Des logos réduits à leur plus simple expression, des interfaces noir et blanc, des smartphones déclinés en « gris sidéral », des immeubles tout de béton, de verre et d’acier…

Pas de doute : le monde semble avoir perdu un peu de ses couleurs. Ce constat est loin d’être une impression. De nombreuses études, industries et observateurs notent une véritable tendance vers le monochrome et les palettes neutres.

Ce n’est pas un simple effet de style ou un choix esthétique isolé. C’est une dynamique transversale qui touche la mode, l’automobile, l’architecture, la tech, la publicité, le design d’interface. Une forme de désaturation volontaire qui semble dire quelque chose de plus profond sur notre rapport au temps, à l’efficacité, à la modernité.

Mais pourquoi ce retour au noir, blanc et gris ? Que dit-il de notre époque ? Et quelles conséquences pour les designers et les communicants ?

La généralisation du neutre dans tous les secteurs

La perte de couleur n’est pas qu’un ressenti visuel ou une lubie de designer. Elle est mesurable, documentée, et surtout, elle touche pratiquement tous les pans de notre environnement visuel.

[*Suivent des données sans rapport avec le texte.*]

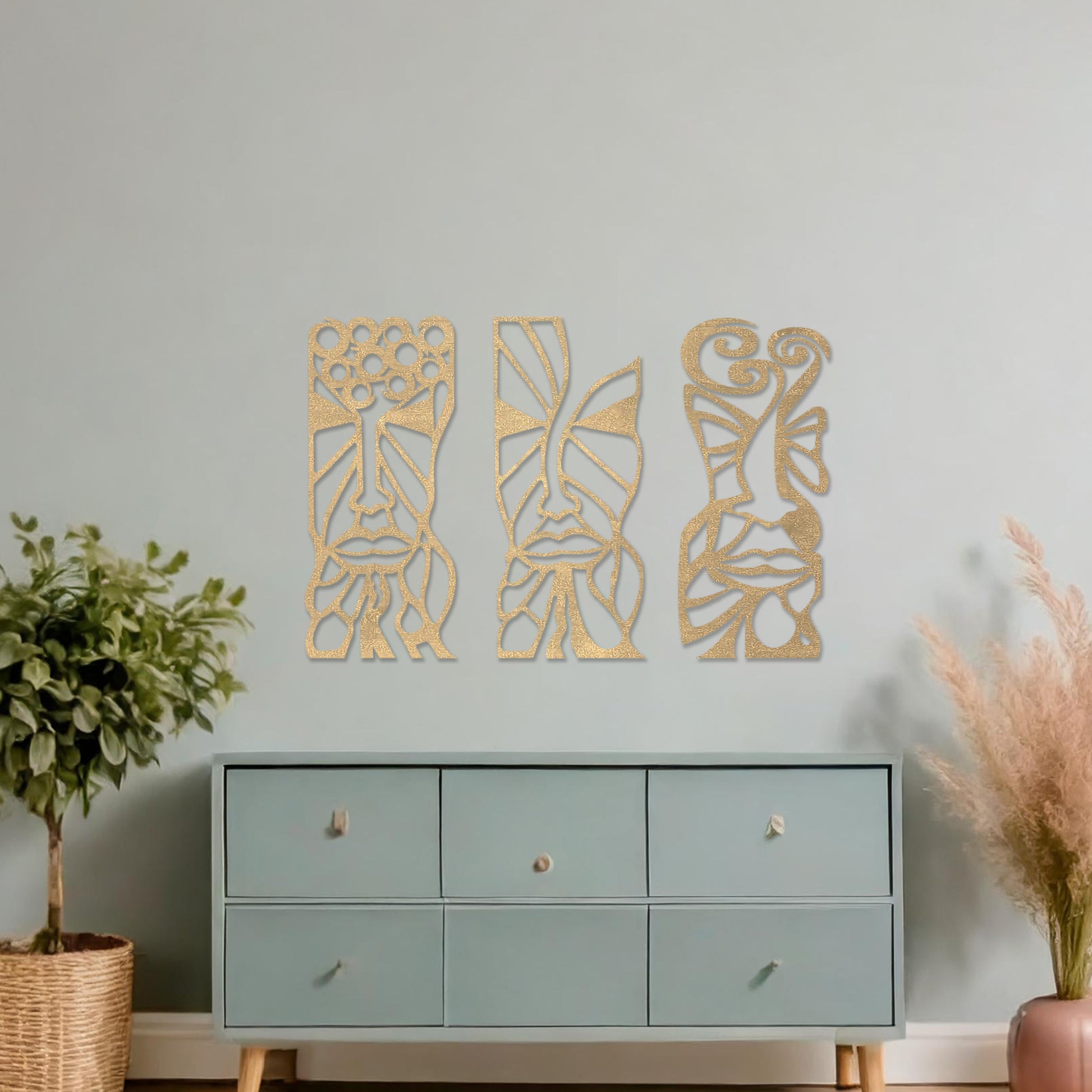Wooden wall art set featuring three abstract face designs with intricate geometric and flowing patterns, displayed on a neutral wall within modern room decor, highlighting their artistic and contemporary appeal.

Depuis plus d’un siècle, notre monde se désature progressivement, que ce soit dans nos objets du quotidien, notre façon de nous habiller, les produits que nous achetons ou les lieux que nous fréquentons.

En 2020, le Science Museum Group (UK) a mené une analyse sur plus de 7 000 objets de consommation datant de 1800 à aujourd’hui. Leurs conclusions sont sans appel : à partir de 1900, les teintes vives cèdent progressivement la place à des tons grisâtres, ternes et neutres. Cette mutation chromatique traverse les décennies et se retrouve dans différents secteurs industriels :

  • Automobile : selon Axalta et PPG Industries, plus de 75 % des voitures vendues dans le monde sont blanches, noires ou grises. Le blanc est n°1 depuis plusieurs années.

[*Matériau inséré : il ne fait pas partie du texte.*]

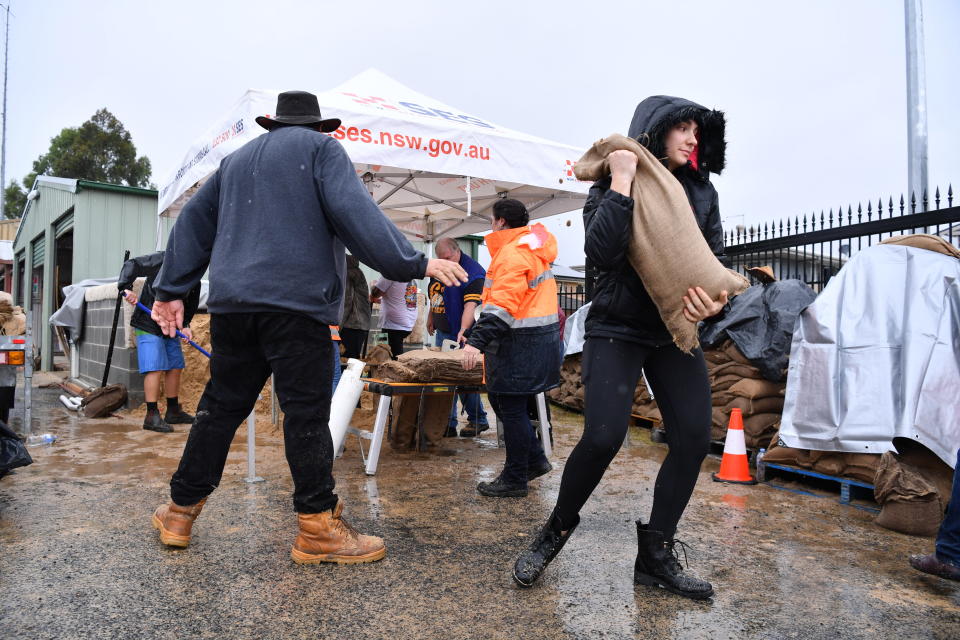 SES volunteers at Penrith SES making and providing free sandbags to residents on Saturday. Source: AAP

  • Tech : les iPhones, iPads ou MacBooks d’Apple s’habillent rarement de couleurs vives. L’esthétique « space gray » ou « silver » est devenue une norme.
  • Mode : les pièces incontournables du dressing (costumes, robes, baskets, manteaux) sont souvent en noir ou blanc. Un choix perçu comme élégant, intemporel et sûr.
  • Architecture : le minimalisme moderne a fait place à une architecture dominée par le gris du béton, le blanc des façades et le noir des menuiseries. Fini les briques rouges, les volets verts ou les enseignes multicolores.

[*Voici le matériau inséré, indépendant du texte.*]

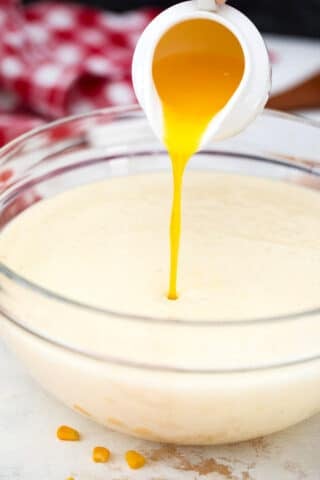 pouring melted butter into a bowl with a batter mixture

Une esthétique au service de l’efficacité

Pourquoi ce glissement vers le neutre s’est-il autant imposé ? Au-delà du simple goût ou de la mode, cette tendance révèle une transformation profonde de nos priorités collectives. Dans un monde obsédé par la productivité, la vitesse et l’efficacité, la couleur devient presque superflue. Elle est perçue comme une distraction, un surplus, un choix qui pourrait nuire à la clarté ou à la rentabilité.

Ce regard rationnel sur le design rejoint la théorie de la « McDonaldisation » développée par le sociologue George Ritzer. Il décrit la société moderne selon quatre principes : efficacité, calculabilité, prévisibilité et contrôle. Dans ce cadre, l’esthétique se standardise, les aspérités disparaissent, et la couleur devient une variable dérisquée. Elle est souvent évacuée au profit d’une neutralité supposée universelle.

La modernité s’incarne dans le fonctionnel, le répliquable, le sobre. Le monochrome rassure : il ne divise pas, ne distrait pas. Il s’adapte à tous les marchés. Ce qui explique sa prédominance dans les interfaces de productivité (Notion, Todoist…), les outils SaaS ou même les réseaux sociaux.

D’un point de vue UX, les contrastes noir/blanc offrent aussi la meilleure lisibilité. La simplification visuelle devient une clé de confort, d’efficacité cognitive, voire d’inclusivité pour les utilisateurs en situation de handicap visuel.

Une conséquence de la globalisation culturelle

Si l’esthétique neutre s’impose aussi largement, c’est également parce qu’elle s’inscrit dans un mouvement plus vaste : celui de la mondialisation des standards visuels. Dans un monde de marques globales, de plateformes uniformisées et de villes qui se ressemblent de plus en plus, l’idée même de diversité visuelle semble s’étioler.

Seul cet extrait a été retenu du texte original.